Our Fire Corps members help us by promoting fire prevention; maintaining our web site; taking photos; writing grants; mentoring our youth; providing administrative and clerical support, public relations, equipment and apparatus maintenance; fund-raising; canteen services; typing reports; answering phone calls; managing records; landscaping and facilities maintenance – to name a few.
We like to think that from accounting to auto mechanics and everything in between ... if someone has a skill, experience or just a passion to contribute to our fire company and their community – we offer an opportunity for them to get and stay involved.
Here’s my theory about Fire Corps members. The average active volunteer firefighter wears multiple hats, also serving as social hall manager, fund-raiser, mechanic, groundskeeper, director, committee chairman, treasurer, secretary, etc. – all the jobs they didn’t sign up for when they signed up to be a firefighter.
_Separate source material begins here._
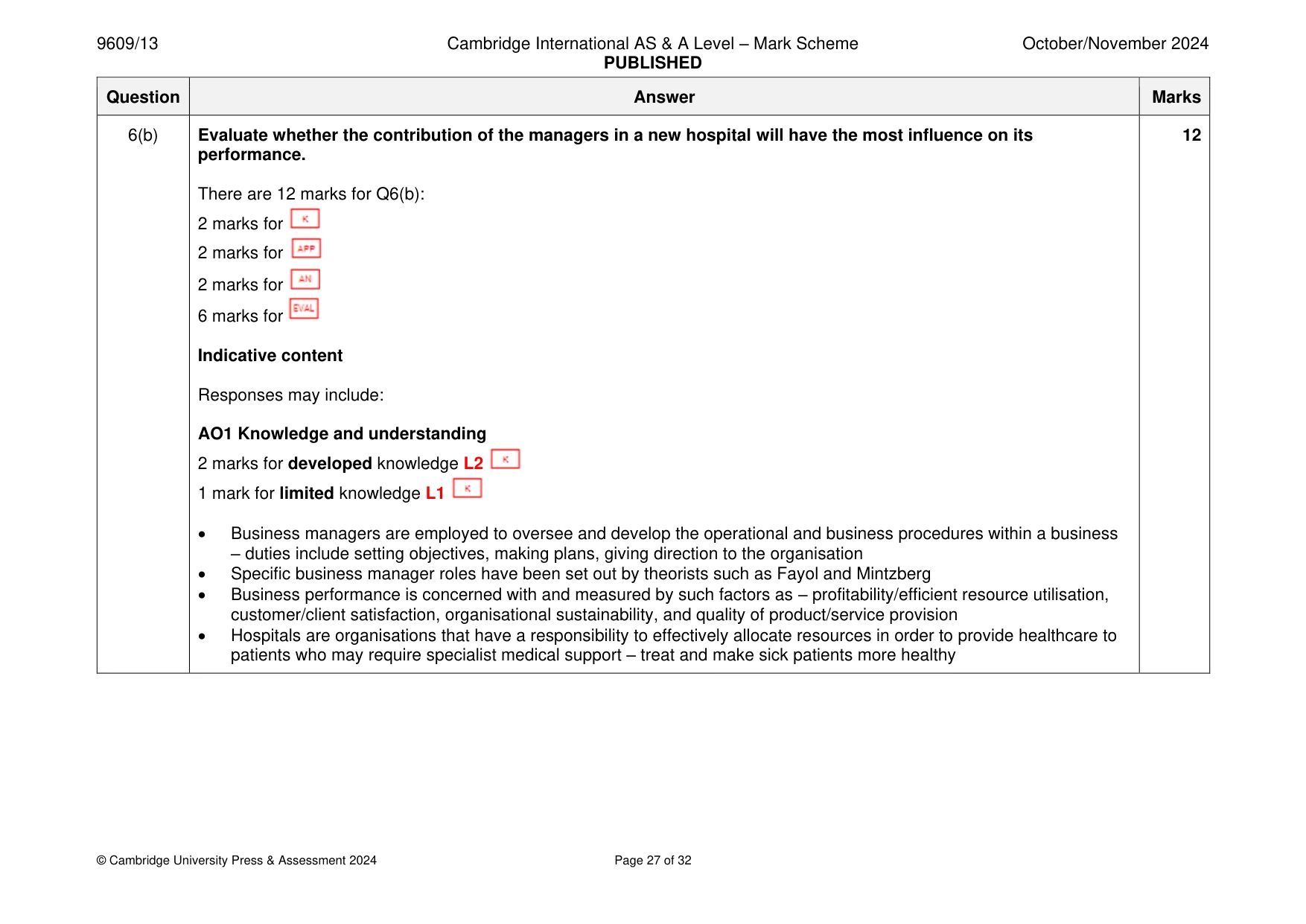 Mark scheme, page 27 of 32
If we can bring in one non-emergency (Fire Corps) team member, we can use that person to reduce the average multi-hat wearing firefighter’s work load by 50%. We then educate and encourage our members to give 25% of that time back to their family where it belongs.
By inserting the Fire Corps member into the equation, we’ve just increased our firefighter’s effectiveness to 75% - a net increase of 50% of their value to the fire department. And they get to spend more time doing what they signed up for, and love.
However, here’s the watch-out-for. Adding more volunteers at the bottom of the typical fire department organizational pyramid can come with a price if not managed properly. While the division of workload is spread across the widening bottom of the pyramid, it causes a shift of management burden to the top of the pyramid.
As I say in my Top Ten Commandments for Recruitment and Retention: ”Be careful what you wish for. More members equal more help, but it also equates to more people to manage and more personalities and people issues to deal with. However, this can’t deter you from recruiting more.”
In fact you may have to look at adding more “middle management” just to support, supervise, communicate with and motivate more “specialists” at the bottom of the organization chart. This middle management may include Captains, Lieutenants or Platoon Leaders.
I also strongly encourage you to appoint someone from within, or bring in someone from the outside specifically to manage and lead your Fire Corps program. You may even need additional “upper management” with more Assistant or Deputy Chiefs as necessary to maintain effective span of control.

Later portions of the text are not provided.